Next, we used the ENCORI to predict the upstream lncRNAs of miR-101–3p in pan-cancers and a total of 26 predicted lncRNAs were screened out (Supplementary Table S4). Based on the regulatory mechanism of lncRNA-miRNA, there should be a negative correlation. miR-101–3p was significantly negatively and positively correlated with 16 and one lncRNAs, respectively (Figure 5G). Among the 16 negatively correlated lncRNAs, AC004687.1 (p = 7.1e-09), SNHG6 (3.9e-43), AC145207.5 (1.3e-20), and LINC01748 (4.9e-15) were significantly upregulated in LIHC from TCGA plus GTEx databases (Figure 5H). Subsequently, ROC analysis indicated that SNHG6 (AUC = 0.928) had a significantly high diagnostic value; AC145207.5 (0.893), LINC01748 (0.740), and AC004687.1 (0.724) had median values (Figure 5I). KM survival analysis showed that only LIHC patients with upregulated SNHG6 (p = 0.009), AC145207.5 (<0.001) and LINC01748 (<0.001) showed poor OS (Figure 5J). Furthermore, upregulated AC145207.5 (<0.001), and LINC01748 (0.012) were also associated with poor DSS (Figure 5K). The pairing sequences of miR-101-3p-AC145207.5 and miR-101-3p-LINC01748 were displayed (Figure 5L). Collectively, AC145207.5 and LINC01748 are the potential regulatory lncRNAs of miR-101–3p in LIHC.

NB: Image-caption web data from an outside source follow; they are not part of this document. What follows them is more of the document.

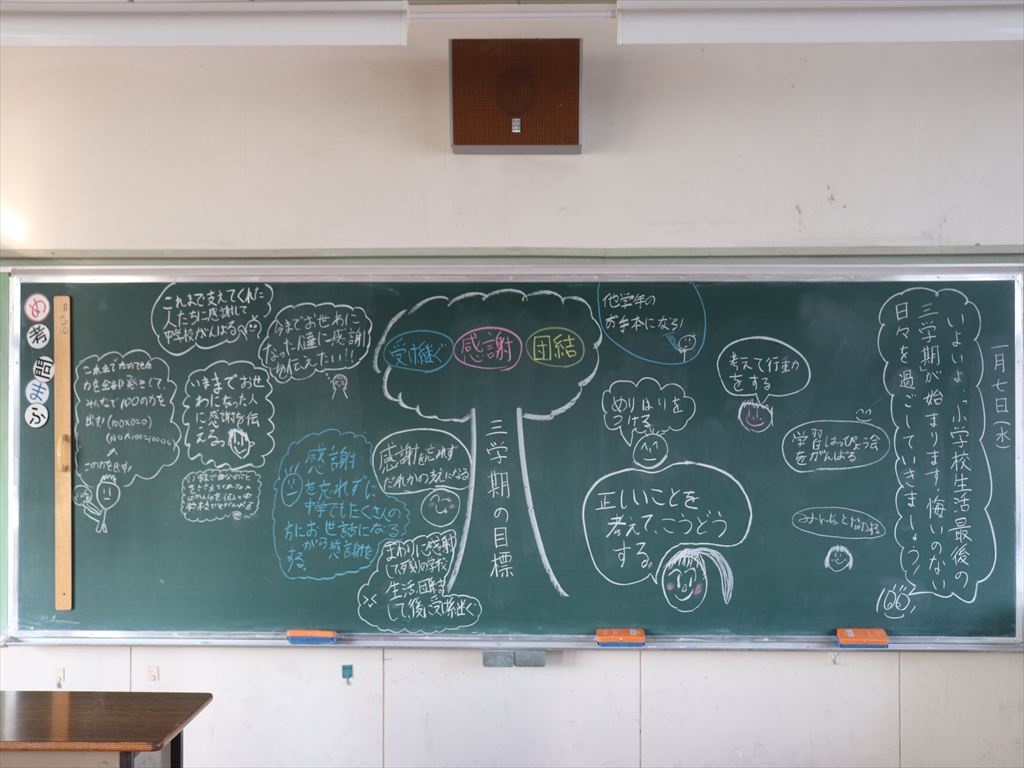 ６年の黒板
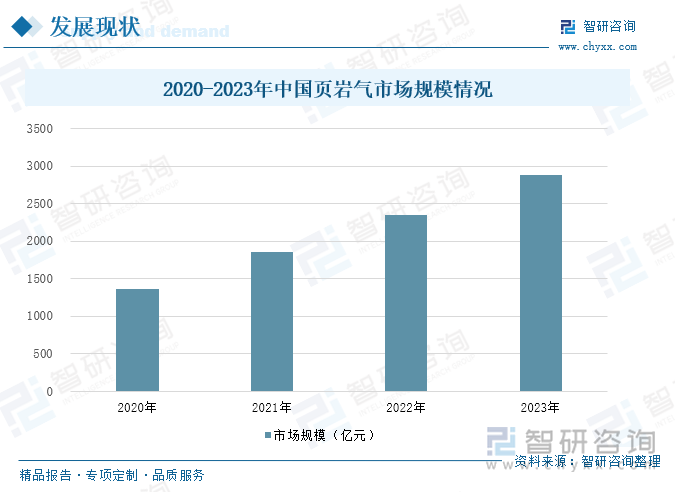 2020-2023年中国页岩气市场规模情况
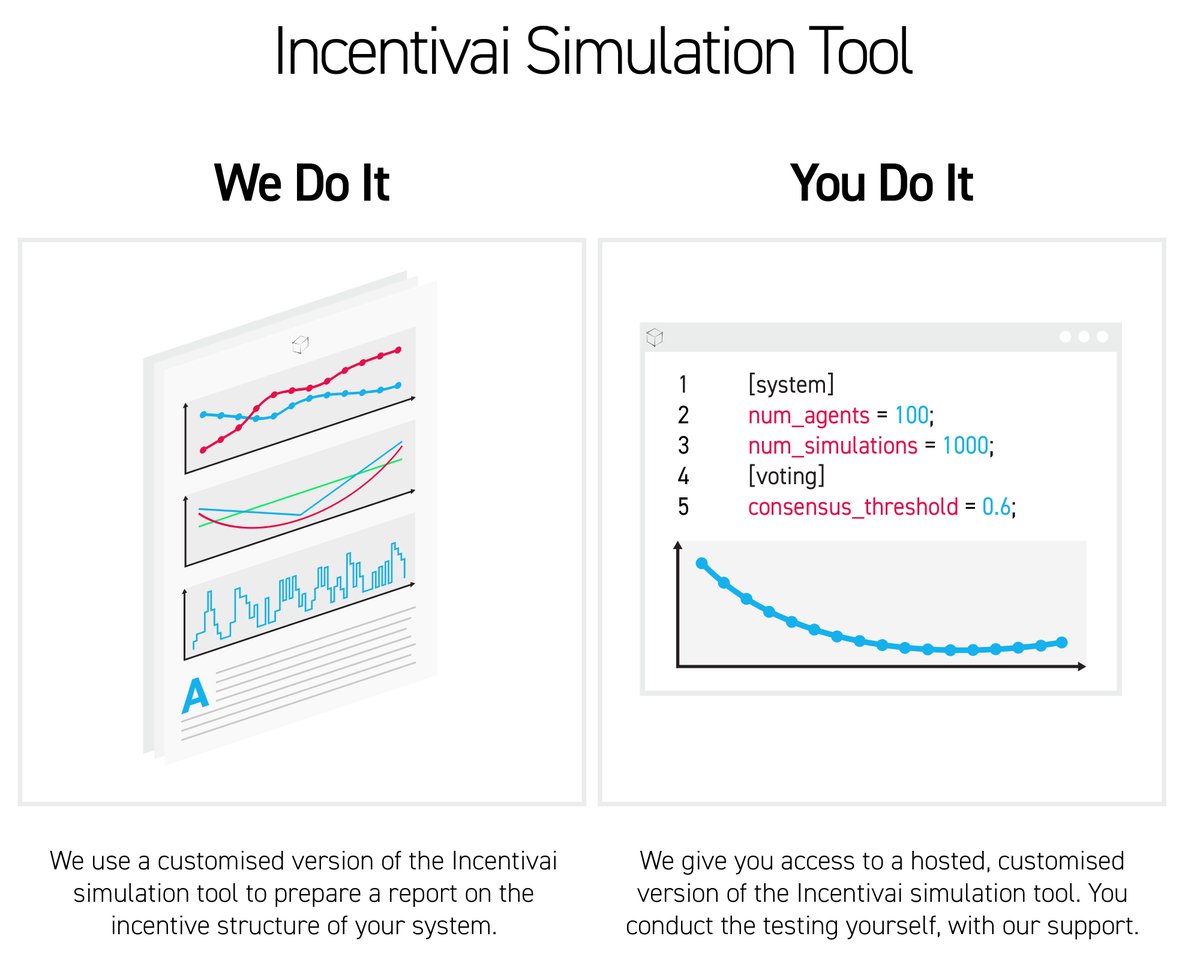 Introducing the Incentivai Simulation Tool. Visit incentivai.co and use it to test the economy of your smart contract system.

According to the competing endogenous RNA (ceRNA) hypothesis (Tay et al., 2014; Qi et al., 2015), lncRNA may boost mRNA expression by sharing miRNA binding. Therefore, lncRNA should correlate negatively with miRNA, but positively with mRNA. The correlation between the two lncRNAs and CAMSAP1 were also detected, with AC145207.5 (r = 0.270, p = 1.14e-07) and LINC01748 (r = 0.209, p = 4.45e-05) being positively correlated with CAMSAP1 (Figure 5M). Together, we confirmed that the AC145207.5/LINC01748-miR-101–3p constitutes an upstream ncRNA axis that regulates CAMSAP1 expression in LIHC.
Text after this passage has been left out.